Vite, que s’écoulent quelques mois pour avoir une première estimation des
ventes ! À quand la critique dans un grand quotidien ? Ou dans la
feuille locale – pis-aller pas moins stimulant pour beaucoup d’auteurs –, ou dans
un blog littéraire ? Et enfin, ciel de la marelle, l’année écoulée, la
case Reddition des ventes. L’heure des comptes a sonné ; l’éditeur
sort la calculette. Une chorégraphie d’équilibriste tant il est difficile,
voire impossible, pour un éditeur de chiffrer au livre près, le nombre d’exemplaires
vendus à l’instant T. D’aucuns somnolent encore sur l’étal du libraire, une
poignée se vendront le jour même où, dans la maison, on additionne les chiffres
tandis que quelques ouvrages moins chanceux seront sur le chemin du retour chez
le distributeur. Les éditeurs aux reins solides ne sont sans doute pas à une dizaine
près quand il s’agit de gratifier un chouchou de la maison d’un faramineux 475 000
exemplaires vendus. De petits éditeurs qui tournent bien, avec leur logique
modeste, se frotteront les mains d’un 190 exemplaires vendus, presque plus de
réserve sur les 250 tirés, on a évité la cata. financière. Encore faut-il que
la donne soit la même pour d’autres de leurs poulains ! Ce qui est loin d’être
légion car, pour les petits et moyens éditeurs, le succès d’un livre tient
autant à l’engagement professionnel de la maison d’édition qu’au facteur chance
du côté de la publicité dans les médias et du volontarisme de l’auteur qui doit
mouiller sa chemise. Et j’oubliais un paramètre inopiné, versatile, fragile,
impalpable : cet air du temps qui fera la pluie ou le beau temps des
ventes de livres. Il suffira d’une pandémie, d’une élection présidentielle
imminente, d'une flambée de l'inflation ou de bruits de bottes aux portes du pays pour que le marché du livre
connaisse des déboires.
Et
du côté des auteurs ? Bienheureux ceux qui seront redevables à l’État d’impôts conséquents ! L’écriture vaut parfois une
chasse au trésor digne d’un roman. Quoique certains ont intérêt à être de bons
gestionnaires. Les lecteurs ne sont pas d’une fidélité absolue et des best-seller
ne sont pas toujours les aînés d’une grande fratrie. Pas à plaindre ceux qui,
bourgeoisement, engrangeront quelques milliers d’euros pour compléter les
revenus de leur profession, assurée par choix ou confort. Restent les petits,
les perdants du système. Que valent des droits d’auteur de 8 % sur le prix d’un
livre vendu (c’est la moyenne) selon que l’on vend plus de 300 000 exemplaires
ou 300 (voire beaucoup moins) sur une année civile ? Les petits sous additionnés
ne grossissent pas tous en rivières. Or le goutte-à-goutte sous le robinet n’étanche
pas la soif après le labeur. Misère bien réelle dans la solitude de l’écrivain.

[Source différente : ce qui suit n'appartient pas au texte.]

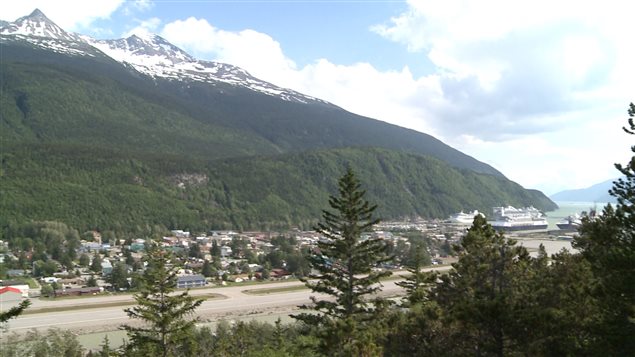 Le village de Skagway en Alaska est relié par la route qu'à travers le Yukon. (Claudiane Samson/ ICI Radio-Canada)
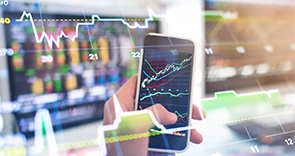  Returns Manifold: 7 Traits Of A Multibagger Stock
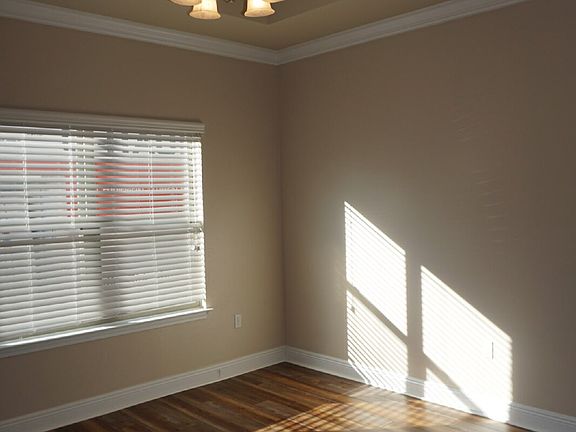 4th image of 307 Windmill Way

Et ce rapport de force pécuniaire ne doit pas uniquement tout au talent. C’est
aussi vrai dans notre économie de marché, me direz-vous, où le plus vulgaire
youtubeur s’enrichira au mépris du travail méritant et honorable du boulanger
dans l’ombre de son fournil.
Les
non-initiés ont parfois bien des idées fausses sur les rémunérations des
écrivains. L’habit fait rêver les foules. Tout le monde écrit (même si bien peu
lisent !) Mais cela, c’est une autre histoire.